Implications, If Any
Is this excess a real effect that indicates a breakdown of the Standard Model? We’ve seen plenty of measurements with 3 σ deviations from the Standard Model prediction in the past year (see here and here for examples), but in some cases it looks as though the measurement may have been wrong, or simply a statistical fluctuation, while in others it looks as though the original theoretical prediction may have wrong. We can hope this new measurement indicates something real, but as usual, while it is worth taking note of, it is too early to get very excited. We need to see confirmation by another experiment and some additional theoretical checks on the predictions.
If it is a real effect, what could cause it? One obvious possible source of a violation of universality could be a new electrically-charged Higgs particle, not predicted in the Standard Model but predicted by many theories that have multiple Higgs fields and particles. (Among them is supersymmetry.) In simple versions of this idea, a charged Higgs virtual particle (which isn’t really a particle, but a more general disturbance in the charged Higgs field) would contribute to these processes (Figure 3), and change the B → D τ ν rate more than the other two, because it interacts much more strongly with the heavier tau lepton than with the electron or muon.
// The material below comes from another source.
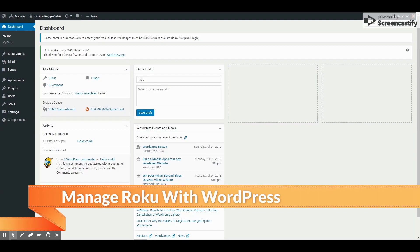Hello folks! Now it's easier than ever to manage your Roku Direct Publisher JSON feed using WordPress.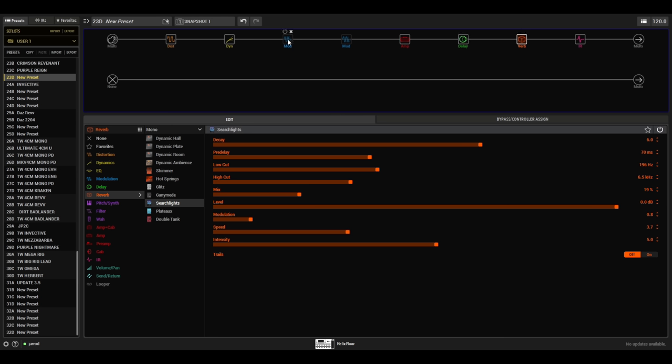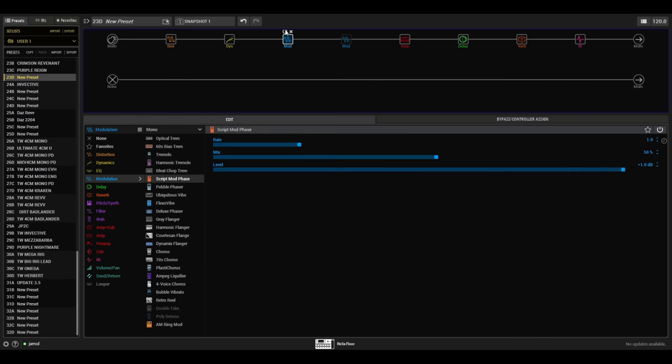Now let's leave the delay and reverb on and check out the script mod as well. So there you go — this would all sound really good in a mix. I could go on stage with this right now. Bear in mind I only spent probably less than 10 minutes setting up this whole preset. I might have to make some minor fine-tuning adjustments to my effects regarding levels, but other than that everything sounds really good.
BABAR claims that the simplest version of this idea doesn’t fit their data, but there are a lot of subtleties with that remark (in particular the presence of a new particle changes not only the decay probabilities but also the energy distributions shown in Figure 2, so the data has to be reanalysed carefully for each possible type of charged Higgs.)
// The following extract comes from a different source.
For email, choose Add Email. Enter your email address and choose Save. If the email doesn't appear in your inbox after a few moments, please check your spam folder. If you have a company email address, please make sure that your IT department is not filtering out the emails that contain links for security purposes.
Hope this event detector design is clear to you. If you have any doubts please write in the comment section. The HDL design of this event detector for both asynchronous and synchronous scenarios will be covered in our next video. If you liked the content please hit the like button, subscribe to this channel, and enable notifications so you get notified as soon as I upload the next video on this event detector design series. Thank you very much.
Are there any other possibilities? Good question. One thing that is worth noting is that this effect (at least as currently measured) is very large — I’m referring here not its statistical significance of 3.4 σ, which is moderate at best, but the size of the effect itself, something like a 50% excess over expectation from the Standard Model prediction. It is not easy to get an effect that big from anything indirect, such as a complicated quantum mechanical process. In fact, even a direct effect from a single virtual particle, along the lines of the charged Higgs idea, has to be on the large side — especially since any simple charged (non-virtual!) particle of this type has to be quite heavy (certainly heavier than 100 GeV/c2, from LEP collider measurements, and probably closer to 150, from LHC measurements). Making a theory with such a large effect consistent with all other existing measurements may be a tall order.
I thank Andrey Katz for bringing this paper to my attention.